El músculo iliocostal se inserta caudalmente en la masa común y de allí s extiende longitudinalmente hacia arriba mandando inserciones a las caras posteriores de las costillas y apófisis transversas de las últimas vértebras cervicales.

El músculo dorsal largo, se extiende desde la parte medial y proximal de la masa común a las apófisis transversas de las vértebras lumbares y parte de las costillas.

El transverso-espinoso, es una secuencia de fibras musculares formando fascículos que toman inserción en la apófisis transversas de todas las vértebras y de allí se extiende a las apófisis espinosas.

Los transversos espinosos a su vez comprenden 3 grupos musculares: semiespinosos, multífidos. Los multífidos se extienden de las apófisis transversas de las vértebras superiores a las apófisis espinosas de las vértebras inferiores.

Músculos intertransversos

Son pequeños músculos que se extienden de una apófisis transversa a la inmediatamente inferior. Están inervados por los nervios raquídeos vecinos y tienen una acción extensora de la columna.

Músculos interespinosos

Se extienden de una apófisis espinosa a otra inferior formando pares: derechos e izquierdos. Tienen la misma inervación y acción de los músculos intertransversos.

Acción postural de los músculos extensores de la columna

Los músculos espinales son esencialmente extensores de la columna vertebral, llevan el tronco hacia atrás. Por su elasticidad y tonicidad luchan permanentemente contra el peso de las vísceras, que tienden a llevar el cuerpo hacia delante.
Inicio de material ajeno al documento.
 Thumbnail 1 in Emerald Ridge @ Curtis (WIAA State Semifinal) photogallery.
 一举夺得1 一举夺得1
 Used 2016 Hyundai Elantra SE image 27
Son músculos esencialmente de la estación bípeda. En el hombre, entre todos los mamíferos, han alcanzado estos músculos su más alto grado de desarrollo.
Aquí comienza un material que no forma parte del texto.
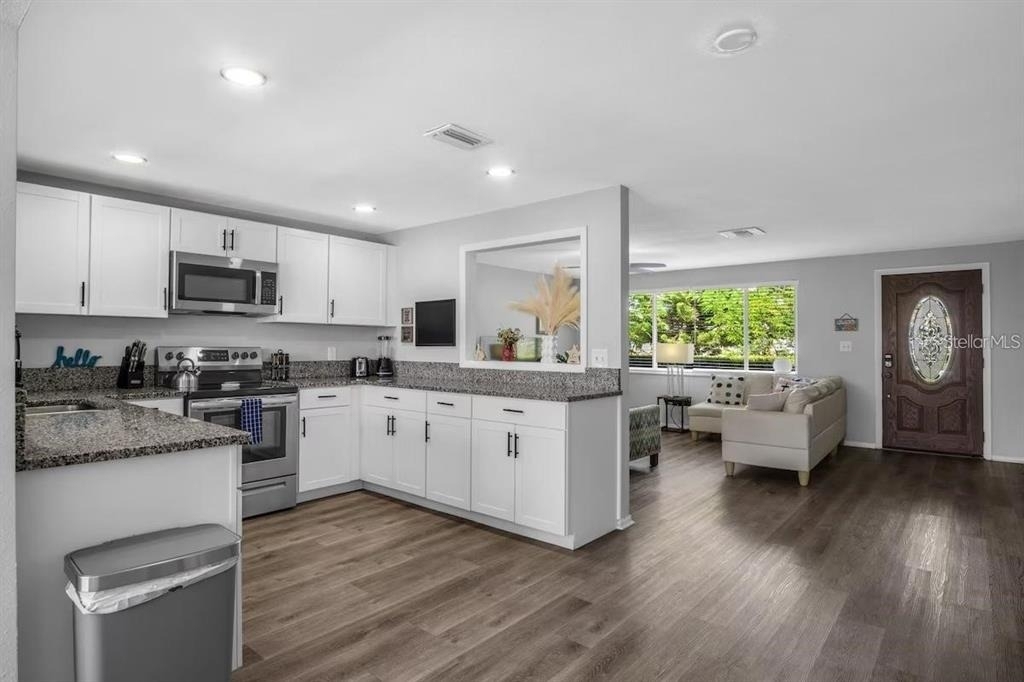 8628 Magnolia Drive - Photo 4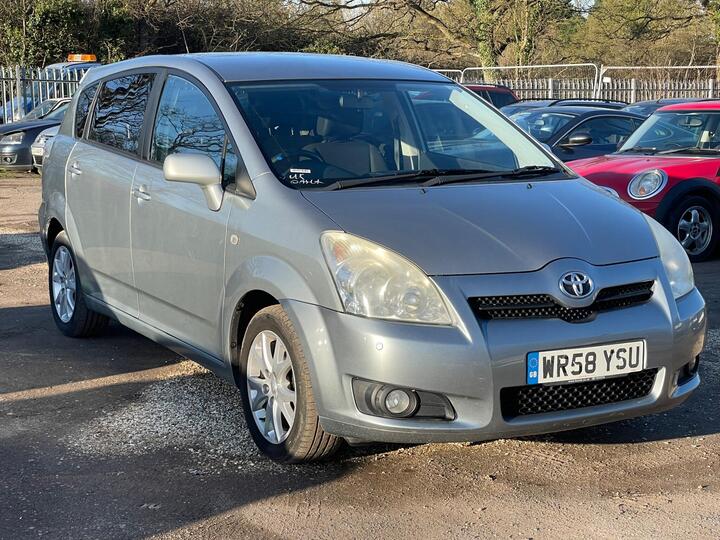 Toyota Corolla Verso 1.8 VVT-i SR 5dr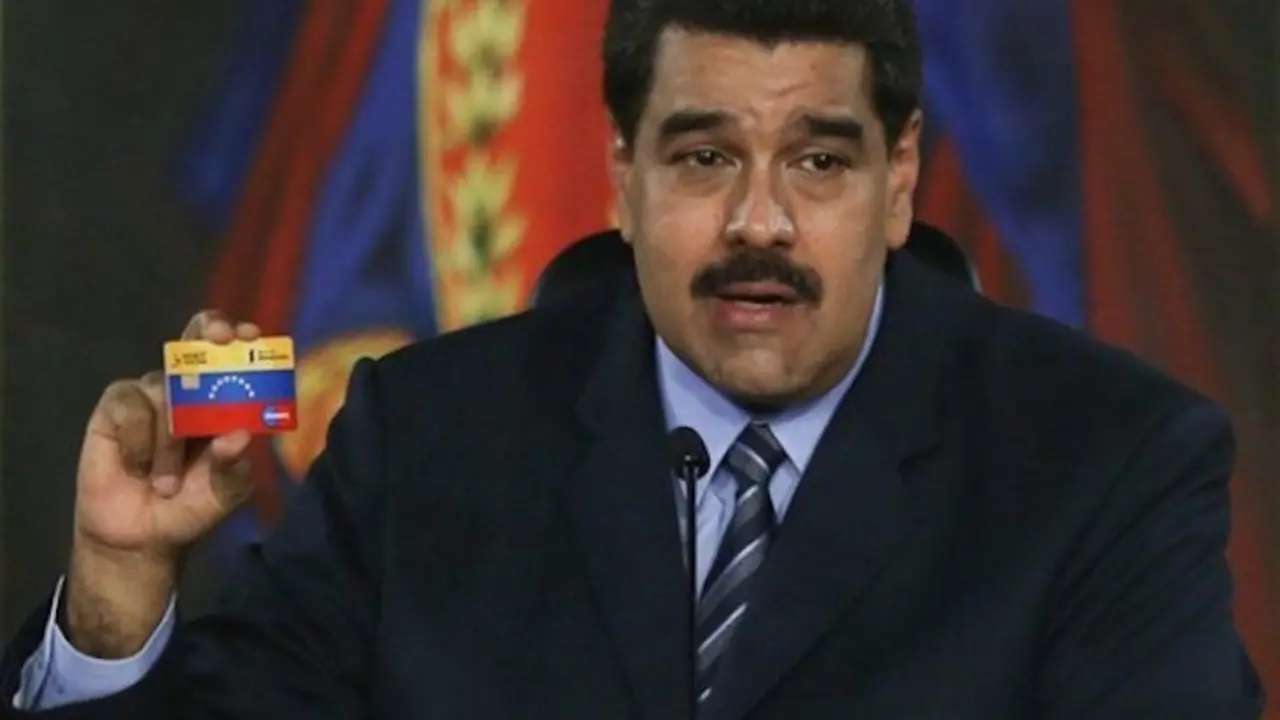 Maduro enseñando la tarjeta de Misiones Socialistas. / VTV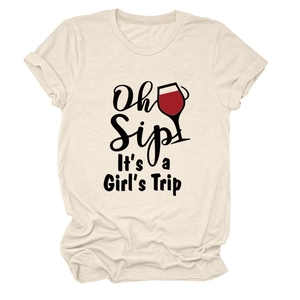 Dettaglio della stampa Oh Sip It's a Girl's Trip e grafica del calice su t-shirt in cotone beige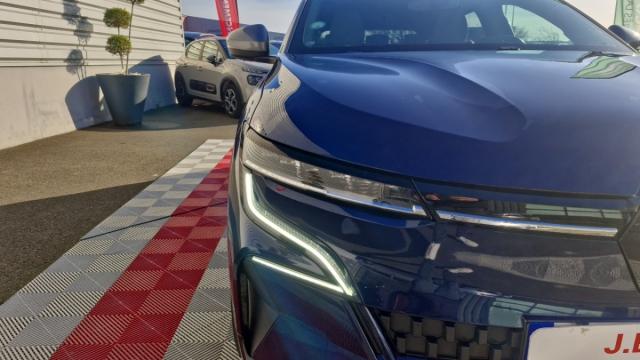 Renault Mégane E-Tech image 2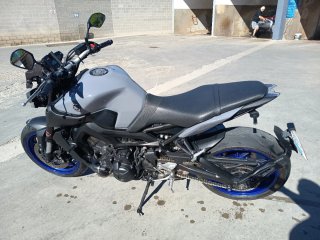 Yamaha MT-09 Gen 2 Gris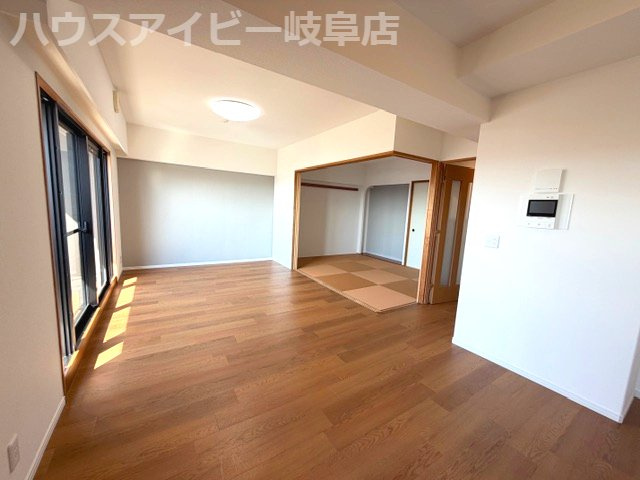 【居間・リビング】の画像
Sus antagonistas, en la región lumbosacra, son los músculos abdominales y en la región cervical los músculos escalenos y largos del cuello. Juegan un papel extremadamente importante en la estática del tronco, tanto en la etapa de reposo como en la marcha. La oblicuidad anterior de la pelvis en relación con la columna está en relación con el equilibrio del tono de los músculos abdominales y de los espinales. Los espinales bajos tienen una acción predominante en aquellos casos de parálisis o paresias de los músculos abdominales, caso en el cual la pelvis báscula hacia abajo y adelante aumentando la lordosis lumbar.

Cuando existe retracción de estos músculos también aumenta la lordosis lumbar, lo cual es un hecho muy frecuente en la mala postura, que usualmente se asocia a retracción de los músculos isquiotibiales y flexores de la cadera. De igual manera, la debilidad de los abdominales y del glúteo máximo complementan el cuadro. El signo de Thomas demuestra claramente la retracción de estos músculos, y la pone en evidencia.

En la lumbalgia, debido al dolor y espasmo de los músculos espinales, ocurre un hecho similar al anteriormente señalado.

Cuando los músculos espinales se paralizan la pelvis se horizontaliza, disminuye la lordosis lumbar, los hombros se van hacia atrás y se aplana la región glútea. La falta de función de estos músculos, puede observarse en el lumbago, cuando se presenta una pseudoparálisis funcional de los espinales bajos, observable no sólo en la clínica sino en las imágenes radiográficas laterales.